Among the prayers following those of St. Bridget is this:
“O blessid lady, moder of Jhesu and virgyne immaculate, that art wel of comforte and moder of mercy, singuler helpe to all that trust to the, be now, gracyous lady, medyatryce and meane unto thy blessid sone our sauyour Jhesu for me, that by thy intercessions I may opteyne my desires, ever to be your seruaunt in all humylite. And by the helpe and socour of al holy sayntes herafter in perpetuell ioye euer to liue with the. Amen.”
Evidently Caxton would have had no difficulty in submitting to Pope Pius IX.’s definition of the Immaculate Conception.
The next prayer is one “To the propre angell”—guardian angel, as we now say. Further on we find a prayer to which indulgences for the souls in purgatory are attached. These prayers certainly show no trace of Wickliffe’s doctrines. The little book is one that any Catholic would use now, and which no Protestant would or could use.
Protestantism can lay no claim to the worthy, upright, laborious, and learned Catholic merchant who introduced printing into England, and chose the precincts of her finest abbey for his labors. His surviving friends shared his faith, as witness this note in a very old hand on a copy of the Fructus Temporum:
“Of your charitee pray for the soul of Mayster Wyllyam Caxton, that in hys time was a man of moche ornate and moche renommed wysdome and connyng, and decessed ful crystenly the yere of our Lord MCCCCLXXXXJ.

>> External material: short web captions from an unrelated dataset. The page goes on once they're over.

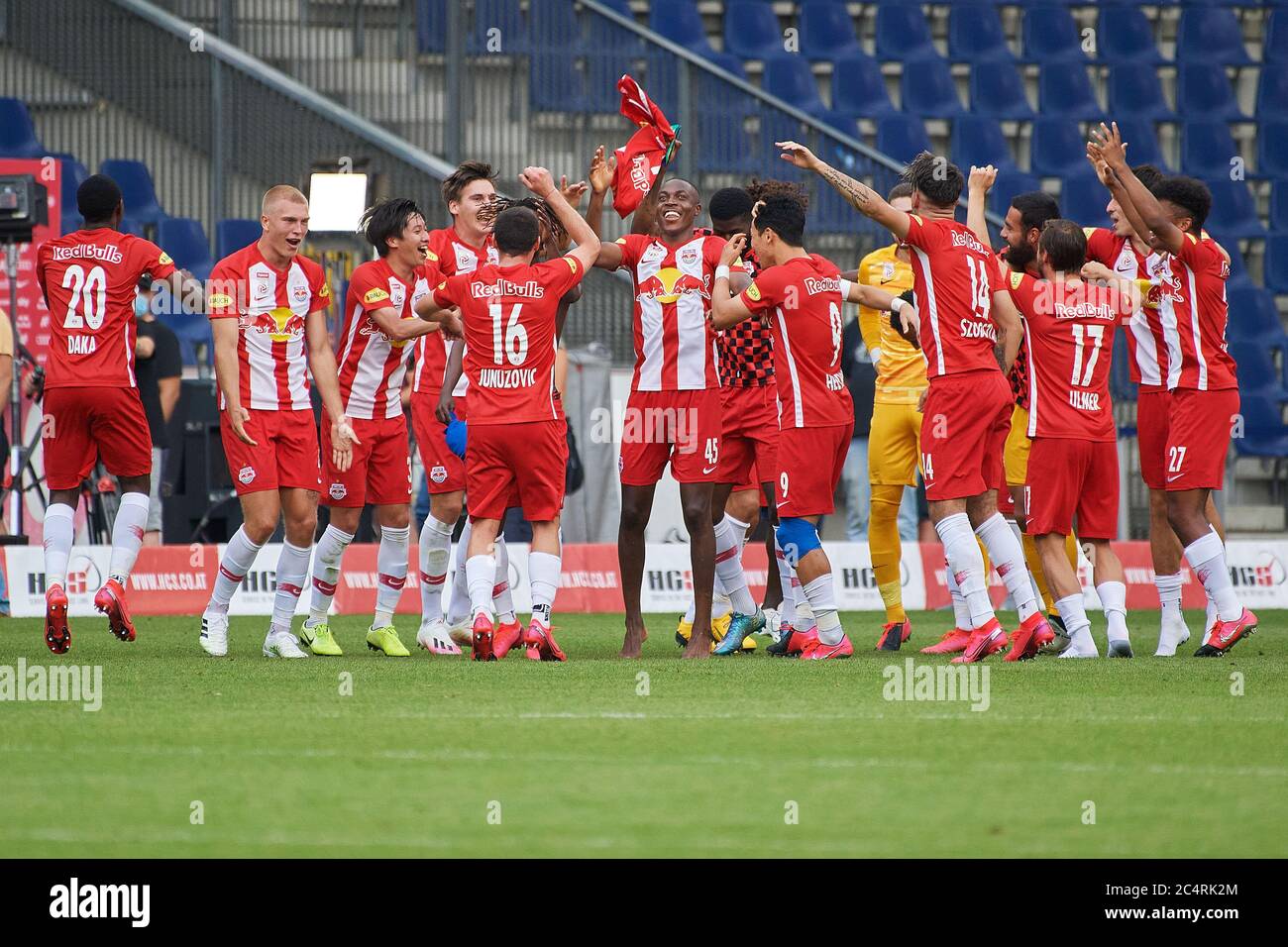 Salzburg, Österreich 28. Juni 2020: tipico - BL - 19/20 - Sp. 30 - RB Salzburg gegen TSV Prolactal Hartberg die Spieler von RB Salzburg feiern die österreichische Meisterschaft 2020 nach einem 3-0 Sieg gegen den TSV Prolactal Hartberg. Letzte Jubilierung/letzte Jubilierung/Emotion/Freude/// Verwendung weltweit Stockfoto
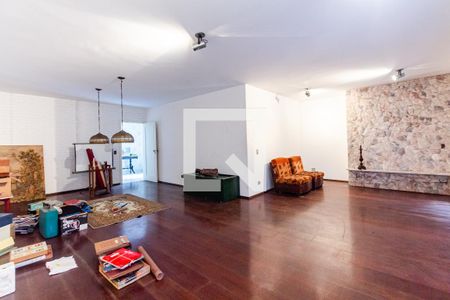 Sala de casa para alugar com 4 quartos, 280m² em Planalto Paulista, São Paulo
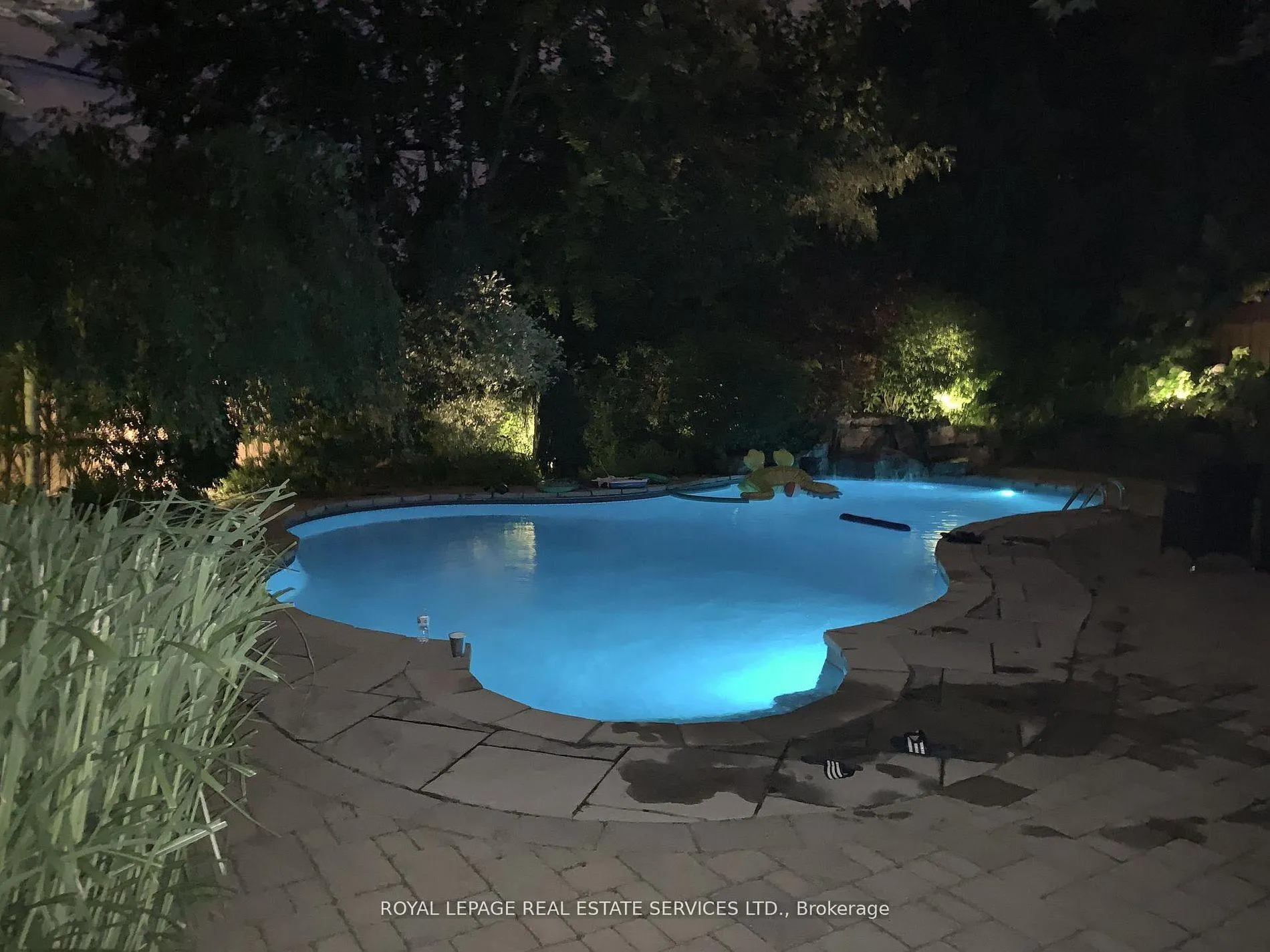Photo 41 of 27 Princess Anne Crescent, Etobicoke, Princess-Rosethorn — HOMEH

“Moder of Merci, shyld him fro thorribul fynd,
And bryng hym to lyff eternall that neuyr hath ynd.”[[81]]
On the 17th of February, 1877, a meeting was held in the Jerusalem Chamber of the old Catholic abbey, not far from the presumed printing-office occupied by Caxton in the Almonry. Dean Stanley presided, and preparations were made for the exhibition. The Stationers’ Company offered their hall, but it was deemed too small, and a request was made for the Western Galleries at South Kensington. These were granted, and every facility given to arrange and display properly the works collected. One great object was to bring together and exhibit to the public as many copies as possible of works from Caxton’s press as could be obtained for the brief period from the public and private libraries, with such other books, especially of early date, as would tend to show the progress of printing from its discovery. The appeal was generously answered. No less than one hundred and ninety copies of books printed by the good Catholic William Caxton were contributed to the exhibition—a greater number, probably, than have ever been seen together since the Reformers made war on them, and greater than are at all likely to be again collected. They represented one hundred and four distinct works.
Lord Spencer sent fifty-seven Caxtons, early Block Books, a Gutenberg Bible, a Mentz Psalter; the Duke of Devonshire eighteen Caxtons; the Earl of Jersey and the Bodleian Library each seven; Sion College six, and the University of Göttingen six; Queen Victoria sent four and a Mentz Psalter.